Peptide therapy for treatment of epilepsy

Epilepsy is one of many neurological diseases that dramatically reduce quality of life and can lead to devastating outcomes in patients that are refractory to conventional therapies. Thyrotropin releasing hormone is a well-known endocrine hormone as part of the hypophysiotropic axis but also exerts a powerful anticonvulsant effect if it can be delivered to the epileptic region of the brain. The primary characteristic limiting use of thyrotropin releasing hormone in epilepsy is high susceptibility to endopeptidase metabolism if delivered orally or intravenously, as well as its inability to cross the blood brain barrier. Using the classical rat kindling model, the Veronesi Lab demonstrates both an anticonvulsant and enti-epileptic effect for thyrotropin releasing hormone using an intranasal approach. In addition, the lab demonstrates in vitro that thyrotropin releasing hormone exerts its anticonvulsant effects through modulation of the metabotropic glutamate receptor.
  • Publications

    Veronesi MC, Yard M, Jackson J, Lahiri DK and Kubek MJ. An analog of thyrotropin-releasing hormone (TRH) is neuroprotective against glutamate-induced toxicity in fetal rat hippocampal neurons in vitro. Brain Res. 2007 Jan 12;1128(1):79-85. PMID: 17125753.

    Veronesi MC. Neuropeptide Treatment in Epilepsy: An Intranasal Approach. Doctoral dissertation, Indiana University, 2008. http://search.proquest.com/docview/304607960?accountid=14657.

    Veronesi MC, Aldouby Y, Domb AJ and Kubek MJ. Thyrotropin-releasing hormone d,l polylactide nanoparticles (TRH-NPs) protect against glutamate toxicity in vitro and kindling development in vivo. Brain Res. 2009 Dec;15(1303):151-60. PMID: 19766611.
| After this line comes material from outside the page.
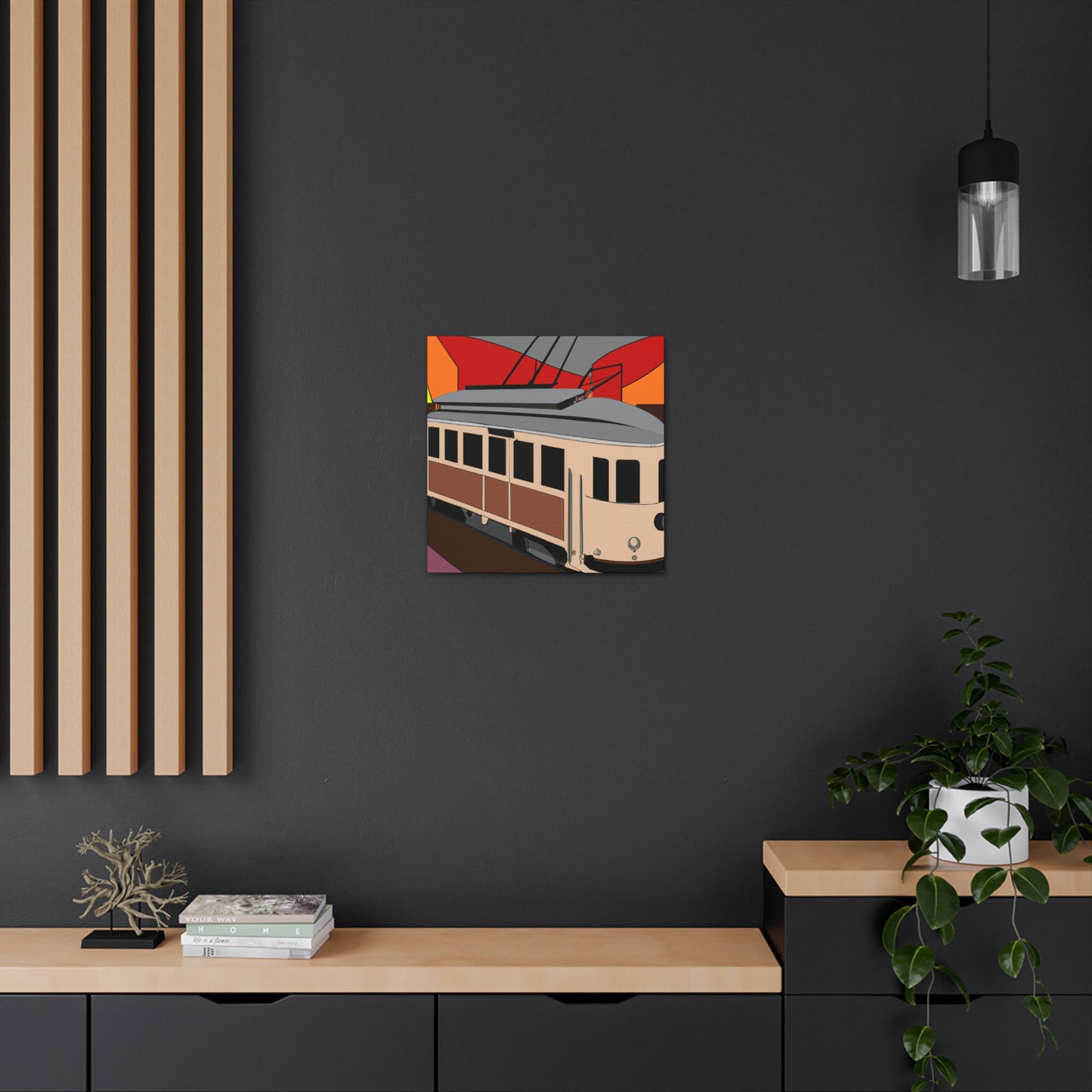 "Tram of Twinkling Lights" - Canvas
    Kubek MJ, Domb AJ and Veronesi MC. Attenuation of kindled seizures by intranasal delivery of neuropeptide-loaded nanoparticles. Neurotherapeutics. 2009 Apr;6(2):359-71. PMID: 19332331.

In the news

Veronesi’s graphic was previously included on the cover of the Journal Epilepsia for his work on reducing seizures in a preclinical model of epilepsy using a novel surgical approach to gain access to the olfactory region in the most posterior part of the nasal cavity. This work comprised a critical portion of his dissertation work as an MD/ PhD student from 2002 through 2010.